MATERIAL SHOWN:
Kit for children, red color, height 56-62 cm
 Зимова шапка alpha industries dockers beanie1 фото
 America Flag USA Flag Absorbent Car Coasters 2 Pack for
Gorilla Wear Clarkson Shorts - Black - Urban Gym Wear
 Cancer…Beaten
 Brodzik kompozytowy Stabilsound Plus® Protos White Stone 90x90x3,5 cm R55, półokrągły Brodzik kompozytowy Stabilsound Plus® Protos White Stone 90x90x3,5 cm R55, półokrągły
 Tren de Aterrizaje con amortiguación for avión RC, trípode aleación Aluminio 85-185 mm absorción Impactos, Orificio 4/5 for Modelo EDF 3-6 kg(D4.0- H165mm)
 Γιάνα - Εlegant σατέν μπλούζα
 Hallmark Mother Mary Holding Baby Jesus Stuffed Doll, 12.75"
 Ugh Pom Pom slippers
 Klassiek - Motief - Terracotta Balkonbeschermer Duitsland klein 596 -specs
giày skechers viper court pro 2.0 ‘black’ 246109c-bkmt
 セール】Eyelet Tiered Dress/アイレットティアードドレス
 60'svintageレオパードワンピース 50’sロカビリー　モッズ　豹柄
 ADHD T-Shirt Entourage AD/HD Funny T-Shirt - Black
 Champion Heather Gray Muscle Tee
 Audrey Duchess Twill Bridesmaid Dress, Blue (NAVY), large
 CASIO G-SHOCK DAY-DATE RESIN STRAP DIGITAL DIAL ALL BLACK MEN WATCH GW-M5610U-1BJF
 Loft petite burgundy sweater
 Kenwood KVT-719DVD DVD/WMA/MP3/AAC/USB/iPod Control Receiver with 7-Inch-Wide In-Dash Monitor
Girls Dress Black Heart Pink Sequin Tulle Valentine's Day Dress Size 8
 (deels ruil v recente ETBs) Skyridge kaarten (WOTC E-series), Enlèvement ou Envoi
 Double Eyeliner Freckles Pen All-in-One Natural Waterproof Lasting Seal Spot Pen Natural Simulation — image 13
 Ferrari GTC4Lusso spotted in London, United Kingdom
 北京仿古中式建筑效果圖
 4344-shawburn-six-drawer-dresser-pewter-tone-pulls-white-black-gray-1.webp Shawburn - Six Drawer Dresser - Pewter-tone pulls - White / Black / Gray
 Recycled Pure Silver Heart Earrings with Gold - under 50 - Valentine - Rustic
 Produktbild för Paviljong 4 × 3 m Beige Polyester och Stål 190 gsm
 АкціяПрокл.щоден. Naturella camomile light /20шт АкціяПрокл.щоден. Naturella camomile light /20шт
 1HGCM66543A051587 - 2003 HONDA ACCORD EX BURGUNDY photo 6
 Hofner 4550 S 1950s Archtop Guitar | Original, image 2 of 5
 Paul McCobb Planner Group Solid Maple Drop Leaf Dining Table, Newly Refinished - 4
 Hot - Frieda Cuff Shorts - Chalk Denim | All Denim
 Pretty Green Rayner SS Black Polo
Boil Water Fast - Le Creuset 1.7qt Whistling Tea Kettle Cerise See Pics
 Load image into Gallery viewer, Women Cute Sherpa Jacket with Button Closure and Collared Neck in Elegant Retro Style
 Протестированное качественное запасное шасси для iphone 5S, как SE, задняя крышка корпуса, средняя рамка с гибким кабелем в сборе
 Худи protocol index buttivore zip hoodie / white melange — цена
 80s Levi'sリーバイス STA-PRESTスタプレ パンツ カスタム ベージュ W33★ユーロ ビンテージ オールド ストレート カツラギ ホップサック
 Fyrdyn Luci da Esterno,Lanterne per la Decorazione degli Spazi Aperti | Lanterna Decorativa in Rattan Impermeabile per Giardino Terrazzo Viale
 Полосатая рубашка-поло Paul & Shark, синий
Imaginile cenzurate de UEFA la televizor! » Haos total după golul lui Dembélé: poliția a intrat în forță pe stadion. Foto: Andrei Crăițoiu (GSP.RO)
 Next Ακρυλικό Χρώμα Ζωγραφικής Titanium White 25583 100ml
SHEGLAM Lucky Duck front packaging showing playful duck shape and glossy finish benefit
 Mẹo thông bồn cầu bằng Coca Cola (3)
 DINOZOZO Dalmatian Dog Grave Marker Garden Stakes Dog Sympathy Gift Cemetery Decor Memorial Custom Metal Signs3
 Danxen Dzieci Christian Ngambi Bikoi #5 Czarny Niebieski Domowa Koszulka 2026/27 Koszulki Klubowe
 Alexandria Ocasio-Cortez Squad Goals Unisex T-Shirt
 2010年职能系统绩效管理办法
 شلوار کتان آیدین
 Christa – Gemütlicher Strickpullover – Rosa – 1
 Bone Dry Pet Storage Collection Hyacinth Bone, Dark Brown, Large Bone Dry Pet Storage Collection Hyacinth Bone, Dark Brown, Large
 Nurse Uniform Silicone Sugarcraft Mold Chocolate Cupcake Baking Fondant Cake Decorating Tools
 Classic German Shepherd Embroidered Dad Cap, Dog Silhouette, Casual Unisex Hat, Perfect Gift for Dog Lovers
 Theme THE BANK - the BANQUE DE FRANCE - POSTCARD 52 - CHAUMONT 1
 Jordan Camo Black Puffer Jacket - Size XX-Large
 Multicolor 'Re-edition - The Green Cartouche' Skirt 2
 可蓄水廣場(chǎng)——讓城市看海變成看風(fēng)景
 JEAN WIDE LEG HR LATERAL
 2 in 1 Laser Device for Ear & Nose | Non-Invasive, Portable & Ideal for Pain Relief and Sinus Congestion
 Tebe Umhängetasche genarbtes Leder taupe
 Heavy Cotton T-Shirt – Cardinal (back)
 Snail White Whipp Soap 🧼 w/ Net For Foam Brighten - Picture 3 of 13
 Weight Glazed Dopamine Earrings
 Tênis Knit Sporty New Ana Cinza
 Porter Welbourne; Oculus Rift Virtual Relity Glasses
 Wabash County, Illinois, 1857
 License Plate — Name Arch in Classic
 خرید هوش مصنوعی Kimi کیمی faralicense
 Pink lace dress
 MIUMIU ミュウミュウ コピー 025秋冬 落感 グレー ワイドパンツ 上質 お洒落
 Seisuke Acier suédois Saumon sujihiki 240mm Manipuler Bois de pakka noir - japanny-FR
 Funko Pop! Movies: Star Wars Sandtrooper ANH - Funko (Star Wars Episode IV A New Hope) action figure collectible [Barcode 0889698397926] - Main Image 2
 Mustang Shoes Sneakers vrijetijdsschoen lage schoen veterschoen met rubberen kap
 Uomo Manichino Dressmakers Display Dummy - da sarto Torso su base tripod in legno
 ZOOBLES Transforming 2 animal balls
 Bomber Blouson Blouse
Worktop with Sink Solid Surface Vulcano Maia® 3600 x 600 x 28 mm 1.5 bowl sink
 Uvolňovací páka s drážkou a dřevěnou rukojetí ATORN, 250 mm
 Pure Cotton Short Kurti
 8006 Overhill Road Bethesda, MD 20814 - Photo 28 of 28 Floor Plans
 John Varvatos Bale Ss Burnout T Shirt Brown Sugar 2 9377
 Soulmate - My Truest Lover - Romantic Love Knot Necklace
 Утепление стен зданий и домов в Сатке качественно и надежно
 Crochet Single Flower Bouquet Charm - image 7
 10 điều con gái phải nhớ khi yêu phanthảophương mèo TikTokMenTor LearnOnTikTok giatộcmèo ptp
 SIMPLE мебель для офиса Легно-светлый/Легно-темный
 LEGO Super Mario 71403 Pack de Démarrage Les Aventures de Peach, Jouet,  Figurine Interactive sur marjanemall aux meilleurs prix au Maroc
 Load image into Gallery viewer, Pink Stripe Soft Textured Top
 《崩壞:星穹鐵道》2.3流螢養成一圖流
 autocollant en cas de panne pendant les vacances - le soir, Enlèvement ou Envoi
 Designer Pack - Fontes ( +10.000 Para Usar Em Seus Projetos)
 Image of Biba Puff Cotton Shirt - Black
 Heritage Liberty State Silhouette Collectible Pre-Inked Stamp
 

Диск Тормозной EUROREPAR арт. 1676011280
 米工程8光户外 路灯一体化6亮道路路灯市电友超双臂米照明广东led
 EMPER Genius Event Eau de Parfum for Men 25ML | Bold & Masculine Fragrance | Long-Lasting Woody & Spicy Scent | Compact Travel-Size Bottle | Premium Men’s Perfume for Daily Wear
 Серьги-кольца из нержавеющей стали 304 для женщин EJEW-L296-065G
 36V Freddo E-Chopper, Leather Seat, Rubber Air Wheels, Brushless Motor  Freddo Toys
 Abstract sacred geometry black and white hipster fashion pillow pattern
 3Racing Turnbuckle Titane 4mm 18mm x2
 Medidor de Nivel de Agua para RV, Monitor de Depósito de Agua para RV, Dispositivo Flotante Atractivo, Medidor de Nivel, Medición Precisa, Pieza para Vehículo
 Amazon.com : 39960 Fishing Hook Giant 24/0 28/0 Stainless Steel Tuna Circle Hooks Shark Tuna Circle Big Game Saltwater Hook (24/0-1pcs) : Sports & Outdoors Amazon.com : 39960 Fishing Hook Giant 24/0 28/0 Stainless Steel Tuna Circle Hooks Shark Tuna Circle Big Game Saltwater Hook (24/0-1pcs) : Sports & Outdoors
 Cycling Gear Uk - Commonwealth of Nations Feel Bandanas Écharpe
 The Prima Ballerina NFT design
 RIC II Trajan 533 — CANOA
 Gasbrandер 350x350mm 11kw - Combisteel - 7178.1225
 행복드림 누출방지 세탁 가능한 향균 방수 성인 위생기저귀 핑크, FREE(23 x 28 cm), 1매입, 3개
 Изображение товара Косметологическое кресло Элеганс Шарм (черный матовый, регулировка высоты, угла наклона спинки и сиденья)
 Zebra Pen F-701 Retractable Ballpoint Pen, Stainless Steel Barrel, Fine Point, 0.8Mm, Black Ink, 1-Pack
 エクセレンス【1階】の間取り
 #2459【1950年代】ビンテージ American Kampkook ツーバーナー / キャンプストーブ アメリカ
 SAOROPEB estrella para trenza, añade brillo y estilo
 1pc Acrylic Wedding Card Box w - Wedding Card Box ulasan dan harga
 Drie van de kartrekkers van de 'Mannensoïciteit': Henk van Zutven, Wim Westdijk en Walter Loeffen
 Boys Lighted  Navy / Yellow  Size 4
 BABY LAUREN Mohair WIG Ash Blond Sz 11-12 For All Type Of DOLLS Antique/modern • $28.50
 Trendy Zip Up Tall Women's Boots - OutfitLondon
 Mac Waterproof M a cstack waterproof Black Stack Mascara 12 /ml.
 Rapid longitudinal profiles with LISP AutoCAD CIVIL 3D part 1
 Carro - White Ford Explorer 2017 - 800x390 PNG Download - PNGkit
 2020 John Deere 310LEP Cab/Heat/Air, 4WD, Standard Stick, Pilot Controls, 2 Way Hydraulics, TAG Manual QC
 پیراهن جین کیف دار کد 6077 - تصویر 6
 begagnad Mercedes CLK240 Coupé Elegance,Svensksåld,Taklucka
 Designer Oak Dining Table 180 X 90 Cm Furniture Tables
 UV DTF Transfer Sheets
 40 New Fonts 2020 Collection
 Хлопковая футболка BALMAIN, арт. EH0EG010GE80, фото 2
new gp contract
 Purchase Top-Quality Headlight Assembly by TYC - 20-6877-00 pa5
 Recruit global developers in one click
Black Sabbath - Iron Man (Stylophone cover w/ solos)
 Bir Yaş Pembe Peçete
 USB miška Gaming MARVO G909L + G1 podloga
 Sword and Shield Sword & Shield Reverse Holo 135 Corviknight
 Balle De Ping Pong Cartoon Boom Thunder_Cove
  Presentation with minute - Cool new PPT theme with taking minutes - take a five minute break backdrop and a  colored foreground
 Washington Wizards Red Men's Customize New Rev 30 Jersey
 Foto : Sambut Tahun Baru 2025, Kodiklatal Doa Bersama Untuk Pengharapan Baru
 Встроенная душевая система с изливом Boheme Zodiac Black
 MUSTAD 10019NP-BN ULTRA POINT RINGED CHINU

WHAT TO WORK ON: What lines in the entries above include the string "Brown"? Return each one.

ANSWER TO THIS PROBLEM:
 Bone Dry Pet Storage Collection Hyacinth Bone, Dark Brown, Large Bone Dry Pet Storage Collection Hyacinth Bone, Dark Brown, Large
 John Varvatos Bale Ss Burnout T Shirt Brown Sugar 2 9377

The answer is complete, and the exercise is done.